I think this would work.....Artest and Bibby for Frye, Nate, and Marbury. Solves our problems at defense and shooting. I would also do Artest and Douby for Frye, Nate, and Q.


----------



## knicksfan (Jan 4, 2003)

*Re: Sort of a dilema for me...*



alphaorange said:


> As you know, I'm a huge Frye fan from last year. The troouble is, he and Lee really play the same position. If Lee is chasing perimeter guys around, his rebounding will suffer, so he really needs to play the PF. Frye can play the 5 and is, in fact, pretty good there. That leaves 96 minutes for 3 guys. Since we need to have Curry play 35+, it means either Lee will have to find out how to play the 3 effectively or someone either sits, or gets traded. I like all three guys. Maybe I trade Frye for Artest, if they take either Francis or Steph.
> 
> I think this would work.....Artest and Bibby for Frye, Nate, and Marbury. Solves our problems at defense and shooting. I would also do Artest and Douby for Frye, Nate, and Q.


Artest + Bibby for Frye Nate and Stevie I try to do. If it doesn't work then I wouldn't hesitate to make it Marbury instead.
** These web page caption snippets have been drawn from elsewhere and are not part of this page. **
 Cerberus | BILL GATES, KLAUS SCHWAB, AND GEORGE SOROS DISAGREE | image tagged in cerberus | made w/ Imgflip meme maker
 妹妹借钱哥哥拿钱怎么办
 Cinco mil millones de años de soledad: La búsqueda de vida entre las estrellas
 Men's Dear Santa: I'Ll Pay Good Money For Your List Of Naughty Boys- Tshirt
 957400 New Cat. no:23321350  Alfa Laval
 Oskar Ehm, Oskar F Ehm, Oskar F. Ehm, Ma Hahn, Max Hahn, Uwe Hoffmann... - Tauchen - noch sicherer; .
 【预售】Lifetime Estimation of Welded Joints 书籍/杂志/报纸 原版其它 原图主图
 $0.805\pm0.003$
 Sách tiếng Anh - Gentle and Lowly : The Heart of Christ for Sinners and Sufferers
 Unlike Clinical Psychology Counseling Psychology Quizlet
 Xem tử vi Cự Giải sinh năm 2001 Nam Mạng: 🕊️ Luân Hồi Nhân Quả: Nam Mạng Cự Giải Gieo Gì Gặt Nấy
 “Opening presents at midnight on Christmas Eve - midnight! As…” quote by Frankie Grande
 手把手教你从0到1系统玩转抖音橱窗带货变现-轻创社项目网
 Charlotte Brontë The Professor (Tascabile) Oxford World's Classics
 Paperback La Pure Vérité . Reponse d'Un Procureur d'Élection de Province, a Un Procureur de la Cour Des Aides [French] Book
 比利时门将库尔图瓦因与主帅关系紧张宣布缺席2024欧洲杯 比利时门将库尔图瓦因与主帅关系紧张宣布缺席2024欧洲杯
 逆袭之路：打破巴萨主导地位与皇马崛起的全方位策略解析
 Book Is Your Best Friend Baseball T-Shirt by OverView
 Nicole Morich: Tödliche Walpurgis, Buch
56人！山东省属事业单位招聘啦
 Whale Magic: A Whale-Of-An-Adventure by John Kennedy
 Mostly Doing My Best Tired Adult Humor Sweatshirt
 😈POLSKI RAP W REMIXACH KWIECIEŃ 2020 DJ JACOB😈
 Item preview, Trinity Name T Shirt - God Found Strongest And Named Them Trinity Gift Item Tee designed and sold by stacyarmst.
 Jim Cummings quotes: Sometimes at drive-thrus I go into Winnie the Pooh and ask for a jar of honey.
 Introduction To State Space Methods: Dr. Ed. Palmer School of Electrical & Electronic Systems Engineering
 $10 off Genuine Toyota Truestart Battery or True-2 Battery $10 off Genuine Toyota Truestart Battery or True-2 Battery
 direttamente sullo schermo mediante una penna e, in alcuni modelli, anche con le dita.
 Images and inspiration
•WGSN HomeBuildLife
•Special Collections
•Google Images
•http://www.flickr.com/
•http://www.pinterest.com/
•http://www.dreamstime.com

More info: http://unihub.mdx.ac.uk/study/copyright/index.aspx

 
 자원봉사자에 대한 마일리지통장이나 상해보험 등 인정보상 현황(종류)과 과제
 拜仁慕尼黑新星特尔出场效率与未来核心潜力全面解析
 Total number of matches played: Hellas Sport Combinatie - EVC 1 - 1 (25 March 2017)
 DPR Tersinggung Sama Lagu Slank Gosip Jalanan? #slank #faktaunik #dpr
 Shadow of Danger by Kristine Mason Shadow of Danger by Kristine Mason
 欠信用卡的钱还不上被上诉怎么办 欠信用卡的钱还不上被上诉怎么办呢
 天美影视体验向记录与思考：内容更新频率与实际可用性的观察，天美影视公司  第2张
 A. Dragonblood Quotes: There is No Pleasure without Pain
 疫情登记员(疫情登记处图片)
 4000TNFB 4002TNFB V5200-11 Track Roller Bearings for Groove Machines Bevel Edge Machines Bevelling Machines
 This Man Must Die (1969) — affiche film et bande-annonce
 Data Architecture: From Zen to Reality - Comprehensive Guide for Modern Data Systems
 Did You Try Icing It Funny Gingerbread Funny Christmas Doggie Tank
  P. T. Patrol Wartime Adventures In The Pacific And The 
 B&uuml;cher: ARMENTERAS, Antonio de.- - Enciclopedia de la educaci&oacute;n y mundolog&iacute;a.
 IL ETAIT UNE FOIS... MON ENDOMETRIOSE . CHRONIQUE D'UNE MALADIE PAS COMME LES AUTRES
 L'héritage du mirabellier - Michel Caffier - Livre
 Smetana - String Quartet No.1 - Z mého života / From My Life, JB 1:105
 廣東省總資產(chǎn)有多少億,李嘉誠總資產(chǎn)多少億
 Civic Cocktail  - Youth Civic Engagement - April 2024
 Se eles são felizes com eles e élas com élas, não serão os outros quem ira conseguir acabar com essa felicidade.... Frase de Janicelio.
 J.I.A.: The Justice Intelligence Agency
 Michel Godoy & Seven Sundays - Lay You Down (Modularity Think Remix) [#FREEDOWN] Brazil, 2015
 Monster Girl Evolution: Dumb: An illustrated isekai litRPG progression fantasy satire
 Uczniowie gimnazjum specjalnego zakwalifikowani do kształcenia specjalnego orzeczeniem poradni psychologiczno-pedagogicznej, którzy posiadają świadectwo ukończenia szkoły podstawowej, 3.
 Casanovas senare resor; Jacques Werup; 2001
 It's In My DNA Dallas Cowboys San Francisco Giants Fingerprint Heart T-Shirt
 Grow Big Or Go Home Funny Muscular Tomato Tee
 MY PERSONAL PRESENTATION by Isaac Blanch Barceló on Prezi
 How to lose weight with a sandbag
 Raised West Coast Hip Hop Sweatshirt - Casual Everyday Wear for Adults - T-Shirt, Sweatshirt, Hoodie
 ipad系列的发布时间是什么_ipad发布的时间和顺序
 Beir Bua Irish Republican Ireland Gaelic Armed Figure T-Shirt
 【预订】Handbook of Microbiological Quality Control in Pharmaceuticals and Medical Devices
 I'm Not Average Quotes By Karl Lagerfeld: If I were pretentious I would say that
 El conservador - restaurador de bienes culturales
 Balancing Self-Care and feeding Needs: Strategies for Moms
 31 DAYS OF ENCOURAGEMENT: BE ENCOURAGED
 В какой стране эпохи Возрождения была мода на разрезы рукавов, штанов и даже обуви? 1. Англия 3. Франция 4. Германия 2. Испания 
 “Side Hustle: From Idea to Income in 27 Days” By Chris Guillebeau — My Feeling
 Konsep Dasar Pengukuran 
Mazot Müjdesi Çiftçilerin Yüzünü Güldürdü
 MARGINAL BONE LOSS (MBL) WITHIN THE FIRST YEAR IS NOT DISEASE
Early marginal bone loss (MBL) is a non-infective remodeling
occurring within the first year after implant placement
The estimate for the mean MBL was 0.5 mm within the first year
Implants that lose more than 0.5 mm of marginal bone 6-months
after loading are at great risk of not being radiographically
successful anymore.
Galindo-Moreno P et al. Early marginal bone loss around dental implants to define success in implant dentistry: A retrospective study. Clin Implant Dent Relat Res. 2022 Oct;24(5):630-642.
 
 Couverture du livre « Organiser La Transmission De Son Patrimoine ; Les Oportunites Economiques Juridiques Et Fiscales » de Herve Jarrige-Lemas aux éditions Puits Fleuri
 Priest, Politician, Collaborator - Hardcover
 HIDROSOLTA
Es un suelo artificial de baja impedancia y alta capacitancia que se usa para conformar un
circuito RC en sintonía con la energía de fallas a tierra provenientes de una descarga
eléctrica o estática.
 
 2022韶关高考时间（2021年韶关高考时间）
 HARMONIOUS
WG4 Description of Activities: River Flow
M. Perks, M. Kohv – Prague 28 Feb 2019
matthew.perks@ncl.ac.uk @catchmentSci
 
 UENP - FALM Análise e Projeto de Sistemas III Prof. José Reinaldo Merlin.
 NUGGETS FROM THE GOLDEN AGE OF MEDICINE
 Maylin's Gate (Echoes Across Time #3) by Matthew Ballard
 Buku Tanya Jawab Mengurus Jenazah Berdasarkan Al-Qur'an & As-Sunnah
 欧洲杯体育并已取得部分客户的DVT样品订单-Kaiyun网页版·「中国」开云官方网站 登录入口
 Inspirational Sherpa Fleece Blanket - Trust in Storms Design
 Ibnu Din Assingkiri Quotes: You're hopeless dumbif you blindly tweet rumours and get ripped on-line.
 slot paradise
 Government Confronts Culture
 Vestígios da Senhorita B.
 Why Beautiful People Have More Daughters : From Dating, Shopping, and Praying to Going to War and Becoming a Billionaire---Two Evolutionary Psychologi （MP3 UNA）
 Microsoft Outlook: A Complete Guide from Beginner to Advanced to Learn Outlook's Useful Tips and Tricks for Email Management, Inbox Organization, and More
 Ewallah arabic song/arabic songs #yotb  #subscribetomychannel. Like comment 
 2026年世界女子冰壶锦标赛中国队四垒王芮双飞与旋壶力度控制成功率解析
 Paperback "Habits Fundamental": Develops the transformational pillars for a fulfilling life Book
Artest is the type of 3 man we need.


----------



## Da Grinch (Aug 17, 2002)

the guards are inconsistent because they are hurt, and the ones avalable are being worked to the bone , no need to overeact about it , 

if i were to do a trade though , i would start with the team's absolute lack of inside defensive presence when kelvin cato is off the floor.

my solution is tyson chandler, linton johnson and the hornets 1st rd. pick for david lee , malik rose and the pick the knicks wind up with out of the eddy curry trade.


lee's rebounding is replaced by chandler's who is actually avg. more boards in more minutes in n.o. but you also gain his ability to close down the paint for stretches of time , but may have to suffer through his very mediocre ability to finish in the paint, and his below avg. hands, whereas lee is now 2nd in the league in fg% showing how good he is at that.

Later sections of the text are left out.